The international political agenda should focus on defusing the threat of post-pandemic global economic conflicts, GMF report says

The international agenda should focus on defusing the threat of post-pandemic global economic conflicts in the months ahead, the German Marshall Fund of the United States (GMF) said in a report.
The GMF aims to strengthen transatlantic cooperation on regional, national, and global challenges and opportunities in the spirit of the Marshall Plan. The organization contributes to research and analysis and convenes leaders on transatlantic issues relevant to policymakers.
The world economy is headed for a recession, if not a depression. Goldman Sachs forecasted the US economic output to contract by 3.8 per-cent in 2020. The German economy is predicted to shrink by 4.2 per-cent and the French GDP by 6 per-cent in the first quarter of the year.
“While the world is preoccupied with coping with the human toll wrecked by the coronavirus pandemic, the stage is rapidly being set for profound global economic conflicts in the months ahead,” Bruce Stokes, a non-resident transatlantic fellow at the GMS argues in a report.
Stokes calls for immediate economic measures to be coupled with further recovery efforts to aggravate long-festering policy differences between the US, China, Europe, and Japan.

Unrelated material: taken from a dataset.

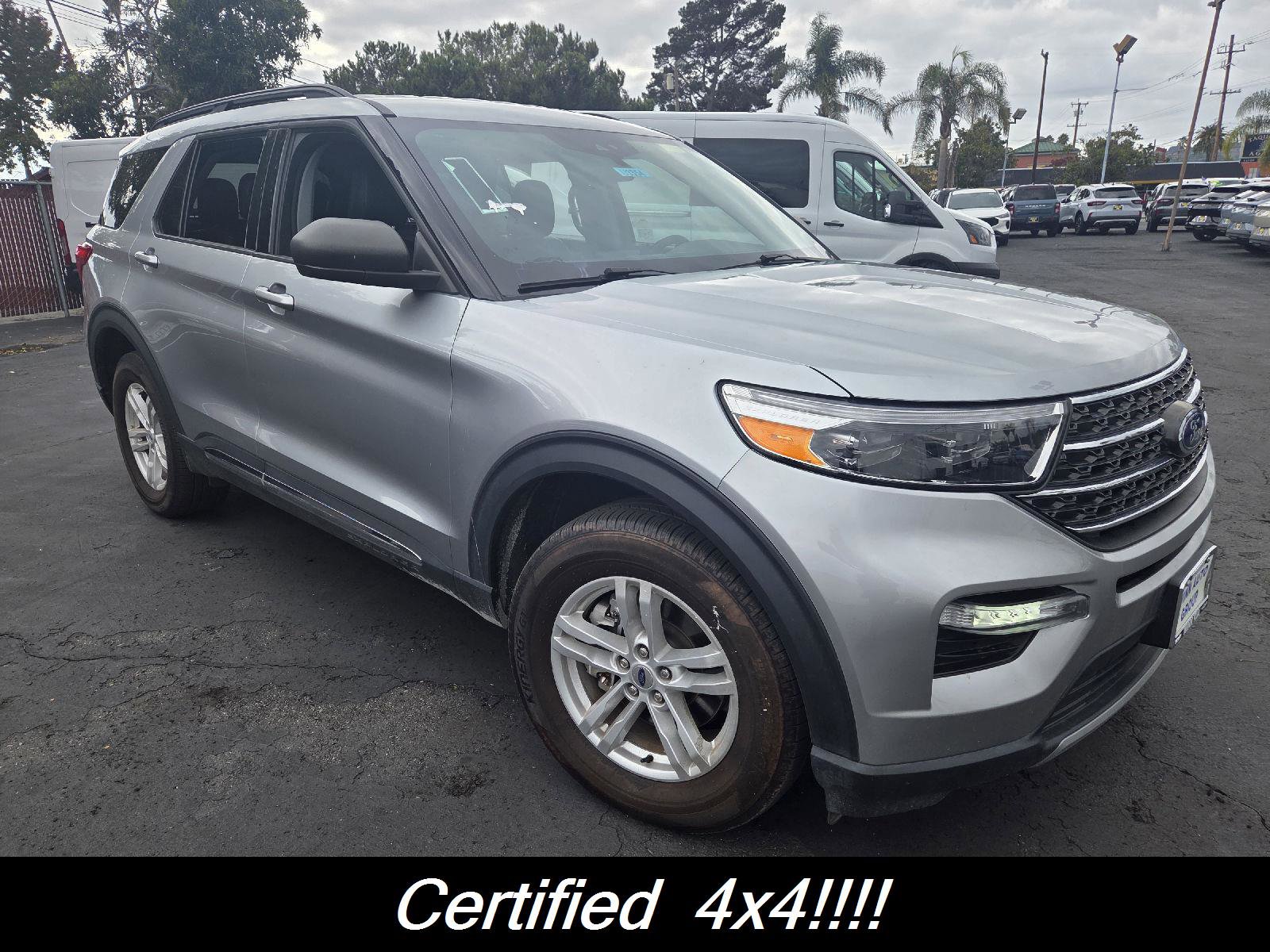 Used 2023 Ford Explorer XLT w/ Equipment Group 202A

Governments from around the world need to put in place recovery plans to mitigate post-pandemic economic frictions. “This should include looking for new understandings on permissible government aid and nationalization (…) what to do about unprecedented levels of peacetime debt, (…) and how to safeguard national companies from predatory foreign investors,” Stokes said.
Western governments and central banks, chastened by their slow recovery from the 2008 financial crisis, which was associated with inadequate initial spending, have now brought out their ‘financial bazookas’.

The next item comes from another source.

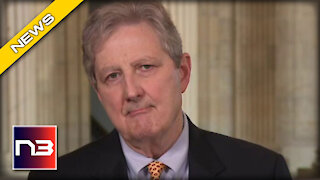 Sen. John Kennedy RIPS ‘Defund the Police’ Goons during EPIC Interview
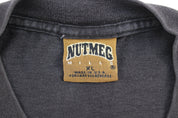90's Philadelphia Flyers Eric Lindros Nutmeg Jersey T-Shirt - ThriftedThreads.com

The US announced that it will make available at least $500 billion in loans to US companies. The UK also unveiled its plans to provide at least $400 billion in loan guarantees. Germany, which has promised to dip into its budget surplus, has already pledged $550 billion.
The GMS argues that this funding will “sow the seeds for future conflict”.

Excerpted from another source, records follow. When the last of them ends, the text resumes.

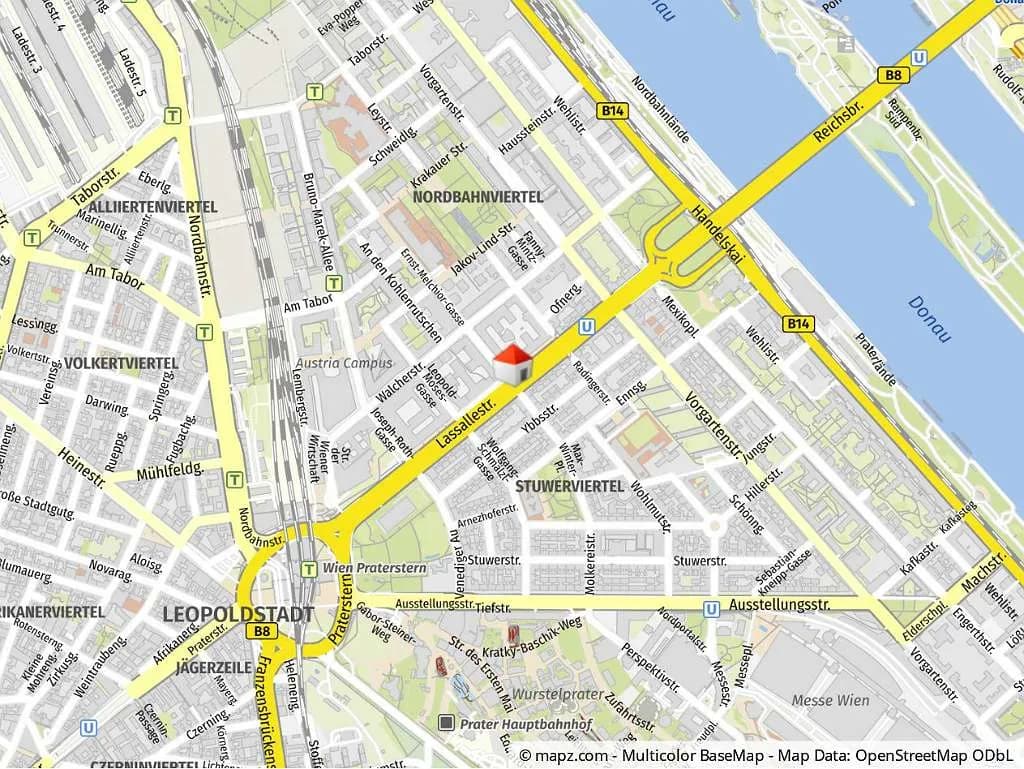 Gewerbeimmobilie mieten in Wien – 980 m² – Bild 7 von 10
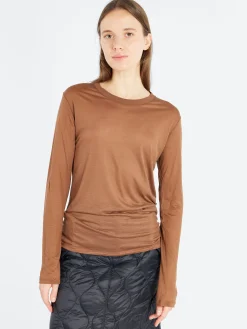 Baserange - Long Sleeve Tee in Ocular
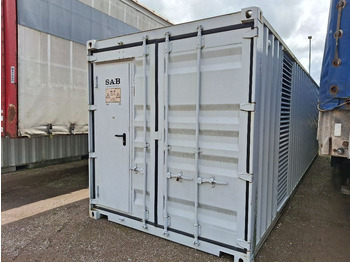 Gerador elétrico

the US is now considering taking an equity position in domestic air carriers in return for state aid, as it did with the automotive industry in the wake of the Great Recession.
“The US, Europe, and others need to come up with common guidelines on what foreign investors can and cannot purchase: what is strategic and what is not. If they fail to do so, those with deep pockets—be they Chinese companies or US hedge funds—will play one country off against the other, feeding nationalist, populist backlashes,” Stokes said.
“There is an immediate and obvious need for a massive economic response to the coronavirus pandemic and the deepening global recession. But the urgency of the immediate should not blind us to inevitable future problems that are within our power to defuse,” Stokes concluded.